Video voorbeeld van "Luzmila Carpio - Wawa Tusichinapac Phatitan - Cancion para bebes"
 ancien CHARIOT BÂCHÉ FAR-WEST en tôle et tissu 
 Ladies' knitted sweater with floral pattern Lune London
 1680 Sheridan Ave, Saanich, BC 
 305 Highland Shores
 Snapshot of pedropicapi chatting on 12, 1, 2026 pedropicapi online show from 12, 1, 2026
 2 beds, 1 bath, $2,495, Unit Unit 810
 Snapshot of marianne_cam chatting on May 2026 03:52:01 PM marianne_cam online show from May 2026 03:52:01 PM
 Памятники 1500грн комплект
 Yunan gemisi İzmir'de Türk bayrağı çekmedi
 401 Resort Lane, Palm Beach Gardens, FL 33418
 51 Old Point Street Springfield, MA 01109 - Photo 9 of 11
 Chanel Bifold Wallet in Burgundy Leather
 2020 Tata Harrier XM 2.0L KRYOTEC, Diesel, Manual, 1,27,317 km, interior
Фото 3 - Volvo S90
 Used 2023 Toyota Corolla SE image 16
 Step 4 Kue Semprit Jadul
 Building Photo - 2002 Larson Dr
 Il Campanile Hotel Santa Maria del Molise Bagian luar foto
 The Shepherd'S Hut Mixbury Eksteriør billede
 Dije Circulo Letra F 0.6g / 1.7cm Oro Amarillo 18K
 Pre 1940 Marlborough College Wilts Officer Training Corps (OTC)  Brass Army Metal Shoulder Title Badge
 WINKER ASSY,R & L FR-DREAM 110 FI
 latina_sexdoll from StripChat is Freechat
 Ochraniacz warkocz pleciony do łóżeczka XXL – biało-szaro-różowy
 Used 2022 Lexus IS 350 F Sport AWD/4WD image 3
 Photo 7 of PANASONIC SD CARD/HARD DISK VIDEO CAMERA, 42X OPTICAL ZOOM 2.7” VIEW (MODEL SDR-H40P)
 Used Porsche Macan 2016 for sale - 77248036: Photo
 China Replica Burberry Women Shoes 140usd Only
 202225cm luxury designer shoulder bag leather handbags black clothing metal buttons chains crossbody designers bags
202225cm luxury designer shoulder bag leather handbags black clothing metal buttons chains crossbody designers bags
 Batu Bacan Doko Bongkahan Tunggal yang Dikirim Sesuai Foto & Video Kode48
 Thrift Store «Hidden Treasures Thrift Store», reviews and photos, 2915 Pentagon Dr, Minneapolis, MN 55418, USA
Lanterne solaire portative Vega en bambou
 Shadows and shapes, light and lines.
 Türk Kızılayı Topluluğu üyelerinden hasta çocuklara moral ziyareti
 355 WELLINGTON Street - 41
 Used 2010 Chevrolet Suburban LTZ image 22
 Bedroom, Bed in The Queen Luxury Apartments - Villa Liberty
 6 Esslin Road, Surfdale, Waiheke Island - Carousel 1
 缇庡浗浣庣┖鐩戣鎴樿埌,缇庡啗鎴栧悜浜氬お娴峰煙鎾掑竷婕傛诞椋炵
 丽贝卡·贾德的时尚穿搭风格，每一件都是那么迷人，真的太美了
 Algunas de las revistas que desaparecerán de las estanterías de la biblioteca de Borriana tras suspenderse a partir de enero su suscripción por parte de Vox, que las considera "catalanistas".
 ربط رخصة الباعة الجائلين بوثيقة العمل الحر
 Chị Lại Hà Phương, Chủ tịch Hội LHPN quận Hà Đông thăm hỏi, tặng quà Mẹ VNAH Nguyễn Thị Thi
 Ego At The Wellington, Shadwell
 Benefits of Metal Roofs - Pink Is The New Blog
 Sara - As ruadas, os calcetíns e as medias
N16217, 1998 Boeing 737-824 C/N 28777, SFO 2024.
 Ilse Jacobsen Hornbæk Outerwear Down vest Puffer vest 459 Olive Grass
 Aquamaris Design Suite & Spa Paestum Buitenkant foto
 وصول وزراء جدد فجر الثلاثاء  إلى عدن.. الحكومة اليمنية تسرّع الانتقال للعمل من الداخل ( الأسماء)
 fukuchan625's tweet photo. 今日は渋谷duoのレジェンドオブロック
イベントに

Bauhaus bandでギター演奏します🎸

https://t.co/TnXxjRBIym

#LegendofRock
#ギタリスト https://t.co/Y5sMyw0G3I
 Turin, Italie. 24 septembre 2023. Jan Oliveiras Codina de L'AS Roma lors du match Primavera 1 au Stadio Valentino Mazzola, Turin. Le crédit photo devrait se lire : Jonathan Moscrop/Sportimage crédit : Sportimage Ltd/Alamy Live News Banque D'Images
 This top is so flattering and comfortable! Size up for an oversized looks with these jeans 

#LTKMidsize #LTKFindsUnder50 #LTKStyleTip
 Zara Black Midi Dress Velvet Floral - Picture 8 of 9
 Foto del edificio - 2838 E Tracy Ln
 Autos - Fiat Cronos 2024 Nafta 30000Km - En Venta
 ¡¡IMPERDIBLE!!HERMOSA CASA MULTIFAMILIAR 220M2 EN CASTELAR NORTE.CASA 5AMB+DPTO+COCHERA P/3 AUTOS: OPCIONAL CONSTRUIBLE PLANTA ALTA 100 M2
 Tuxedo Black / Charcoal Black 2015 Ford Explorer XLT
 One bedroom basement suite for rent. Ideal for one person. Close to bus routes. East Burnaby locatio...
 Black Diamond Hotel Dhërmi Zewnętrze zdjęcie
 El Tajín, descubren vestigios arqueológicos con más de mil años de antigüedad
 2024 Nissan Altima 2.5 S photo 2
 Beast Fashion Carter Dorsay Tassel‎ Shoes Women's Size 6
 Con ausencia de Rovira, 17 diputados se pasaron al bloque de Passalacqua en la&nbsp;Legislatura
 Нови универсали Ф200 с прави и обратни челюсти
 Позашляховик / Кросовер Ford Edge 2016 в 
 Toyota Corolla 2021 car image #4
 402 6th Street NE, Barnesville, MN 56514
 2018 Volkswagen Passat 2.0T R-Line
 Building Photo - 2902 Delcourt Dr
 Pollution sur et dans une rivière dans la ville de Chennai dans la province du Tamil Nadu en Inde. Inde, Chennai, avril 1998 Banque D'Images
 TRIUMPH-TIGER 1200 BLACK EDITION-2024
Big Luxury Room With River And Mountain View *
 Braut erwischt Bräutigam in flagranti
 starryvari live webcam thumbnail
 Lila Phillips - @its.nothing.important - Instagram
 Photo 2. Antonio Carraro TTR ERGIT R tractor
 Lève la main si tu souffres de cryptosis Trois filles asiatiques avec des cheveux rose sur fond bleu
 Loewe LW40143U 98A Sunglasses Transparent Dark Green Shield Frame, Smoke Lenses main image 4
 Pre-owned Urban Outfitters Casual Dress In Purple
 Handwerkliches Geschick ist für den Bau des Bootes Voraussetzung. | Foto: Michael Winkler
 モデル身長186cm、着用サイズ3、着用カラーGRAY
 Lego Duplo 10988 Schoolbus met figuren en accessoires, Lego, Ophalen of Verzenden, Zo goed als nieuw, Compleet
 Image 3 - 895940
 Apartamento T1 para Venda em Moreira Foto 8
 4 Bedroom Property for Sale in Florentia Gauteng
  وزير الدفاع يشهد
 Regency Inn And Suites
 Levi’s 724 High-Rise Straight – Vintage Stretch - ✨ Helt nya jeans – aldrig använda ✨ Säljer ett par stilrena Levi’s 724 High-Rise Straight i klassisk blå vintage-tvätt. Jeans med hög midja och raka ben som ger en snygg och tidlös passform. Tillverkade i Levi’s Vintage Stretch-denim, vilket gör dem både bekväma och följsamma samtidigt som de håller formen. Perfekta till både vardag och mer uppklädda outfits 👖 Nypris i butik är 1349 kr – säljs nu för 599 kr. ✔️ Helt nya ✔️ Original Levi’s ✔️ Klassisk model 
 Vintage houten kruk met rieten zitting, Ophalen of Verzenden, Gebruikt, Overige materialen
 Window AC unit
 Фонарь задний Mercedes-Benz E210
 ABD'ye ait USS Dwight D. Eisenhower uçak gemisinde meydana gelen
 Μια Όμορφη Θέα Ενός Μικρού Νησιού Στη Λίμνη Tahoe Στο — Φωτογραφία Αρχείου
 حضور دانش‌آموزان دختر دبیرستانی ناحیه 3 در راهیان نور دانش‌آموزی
++++
> [Problem to solve]: Report the number of lines in the entries above that include the word "Street" and add nothing to it.

> [Solved problem]: 3